Your instructions: Output every line below as it stands, dropping only the images.

[Saved entries]
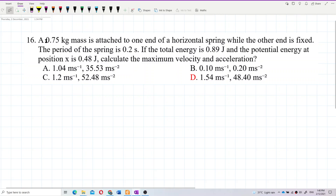A 0.75 kilogram mass is attached to one end of a horizontal spring while the other end is fixed. The period of the spring is 0.2 seconds. If the total energy is 0.89 joules and the potential energy at position x is 0.48 joules, calculate the maximum velocity and acceleration.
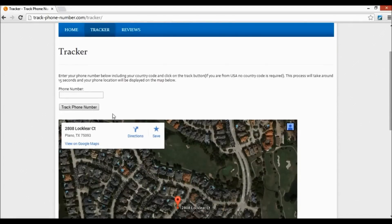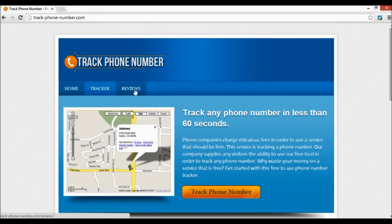Alright guys, as you can see it just loaded and the location of the phone is at 2808 Locklear Court — that is probably where my friend is at right now. I've used this tracker several times to find lost and stolen phones and also just to check on family members. It's a great tool if you're looking to use one. After you complete a survey it will last for 24 hours, meaning you can use the tracker unlimited times within that window. Come check it out at track-phone-number.com.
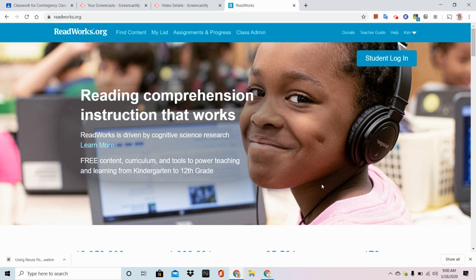Did you know that you can add a co-teacher to your ReadWorks.org account? Well, you can, and this video is going to show you how.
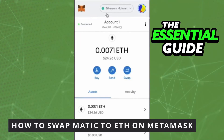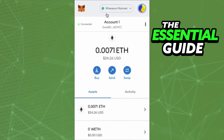Hello everybody! Today I'm going to teach you how to swap MATIC to Ethereum using MetaMask. The first thing you need to do — and this is very important — is to make sure your MetaMask app is updated. This works for any device: iPhone, Android, or your computer.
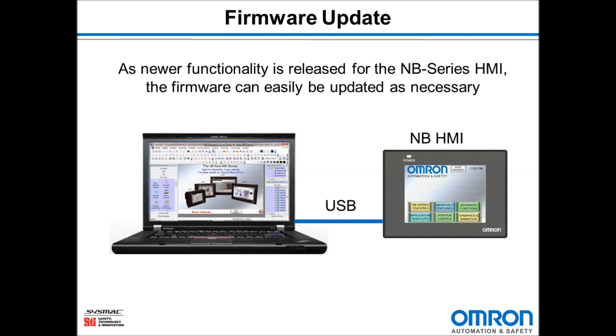We will be connecting our computer with NB Designer to the NB HMI with a USB cable.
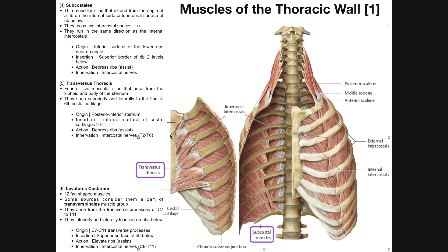The muscle spans superiorly and laterally to the second through the sixth costal cartilage. So here's rib number one, and here are ribs two, three, four, five, and six. The origin of each slip is going to be some part of the posterior inferior sternum — really on the inferior half of the sternum. They're going to originate posteriorly, which is why we have to take off the anterior chest wall and look at the backside of the sternum.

Written response:
A 0.75 kilogram mass is attached to one end of a horizontal spring while the other end is fixed. The period of the spring is 0.2 seconds. If the total energy is 0.89 joules and the potential energy at position x is 0.48 joules, calculate the maximum velocity and acceleration.
Alright guys, as you can see it just loaded and the location of the phone is at 2808 Locklear Court — that is probably where my friend is at right now. I've used this tracker several times to find lost and stolen phones and also just to check on family members. It's a great tool if you're looking to use one. After you complete a survey it will last for 24 hours, meaning you can use the tracker unlimited times within that window. Come check it out at track-phone-number.com.
Did you know that you can add a co-teacher to your ReadWorks.org account? Well, you can, and this video is going to show you how.
Hello everybody! Today I'm going to teach you how to swap MATIC to Ethereum using MetaMask. The first thing you need to do — and this is very important — is to make sure your MetaMask app is updated. This works for any device: iPhone, Android, or your computer.
We will be connecting our computer with NB Designer to the NB HMI with a USB cable.
The muscle spans superiorly and laterally to the second through the sixth costal cartilage. So here's rib number one, and here are ribs two, three, four, five, and six. The origin of each slip is going to be some part of the posterior inferior sternum — really on the inferior half of the sternum. They're going to originate posteriorly, which is why we have to take off the anterior chest wall and look at the backside of the sternum.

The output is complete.